Les Falash Mura se sont retrouvés au coeur du questionnement identitaire israélien (question de la judéité, problème de la conversion, interprétation de la loi du retour, nature de l’Etat d’Israël).

Pour les laïcs, la loi du retour ne pouvait pas bénéficier aux Falash Mura au prétexte qu’ils se reconvertissaient au judaïsme. Elle doit rester l’expression d’une solidarité juive, laquelle ne peut s’appliquer aux convertis puisqu’ils se sont désolidarisés du peuple juif. Par devoir de solidarité humaine, ils étaient néanmoins favorables au regroupement familial des familles restées séparées entre Israël et l’Éthiopie.


En revanche, pour les religieux, selon la Halakha, l’identité juive est assurée et transmise par la mère et, conversion ou pas, ne peut être annulée. La solution du rabbinat était donc de donner une éducation juive et de reconvertir les Falash Mura.

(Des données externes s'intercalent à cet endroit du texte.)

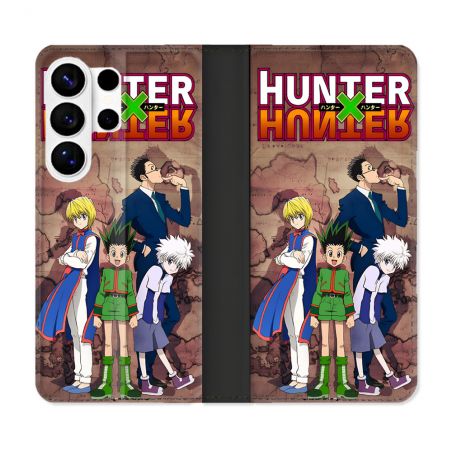 Housse cuir portefeuille Pour Samsung Galaxy S26 Ultra Manga Hunter X Hunter Vintage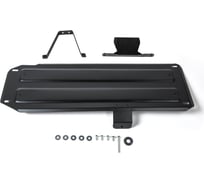 Защита топливного бака Rival для Mitsubishi L200 IV, V 2006-2019 г.в./2018-н.в., сталь 1.8 мм, с крепежом 111.4059.1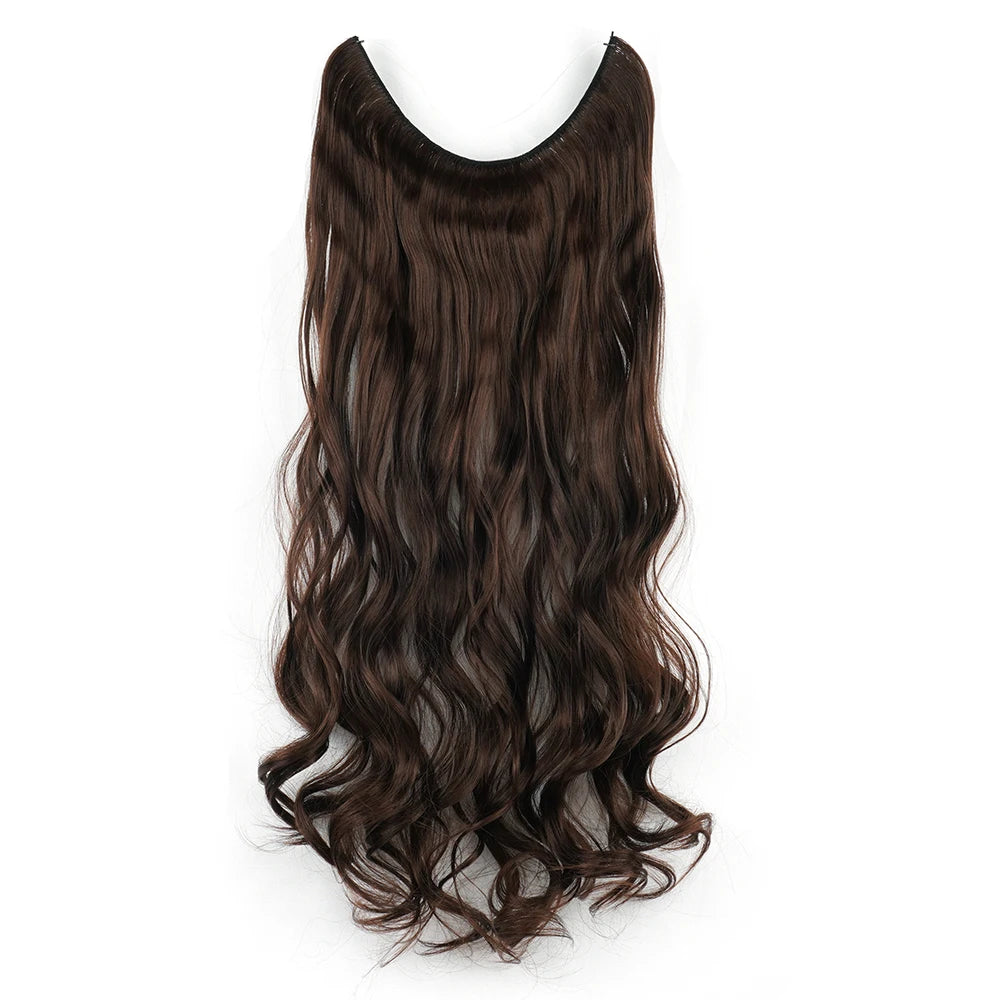 HaloGlam Invisible Wavy Hair Extensions – 17 Color Collection - Glamorize Hair & Beauty 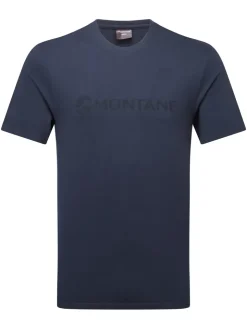 Montane Mens Mono Logo T-Shirt - Eclipse Blue Discount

Au cours des années 1990, le gouvernement israélien a autorisé la plupart des Falash Mura réfugiés à Addis-Abeba à émigrer en Israël, soit au titre de la loi du retour (qui permet à un parent non juif d’un juif israélien d’émigrer), soit à titre humanitaire.
Mais une nouvelle vague de réfugiés se prétendant d’origine Beta Israël a alors été attirée vers Addis-Abeba. Le gouvernement israélien a, dans un premier temps, durcit sa position (fin des années 1990), avant d’accepter finalement (février 2003) que les autorités religieuses israéliennes organisent les conversions officielles au judaïsme des personnes réellement d’origine Beta Israël, et que ces personnes puissent ensuite émigrer vers Israël.
En pratique, cette immigration reste lente (environ 300 émigrants par mois en 2003 et 2004), mais le premier ministre israélien, Ariel Sharon, a décidé en janvier 2005 que tous les Falash Mura devraient avoir rejoints Israël avant la fin de l’année 2007, mais … Certains israéliens craignent que la boite de Pandore n’ait été ouverte et que des millions d’Africains ou d’Asiatiques non-juifs mais se prétendant descendants des dix tribus perdues d’Israël ne demandent à leur tour à bénéficier de la loi du retour.

Cette crainte est sûrement exagérée, mais il n’en reste pas moins que les questions identitaires israéliennes sont encore loin d’être résolues.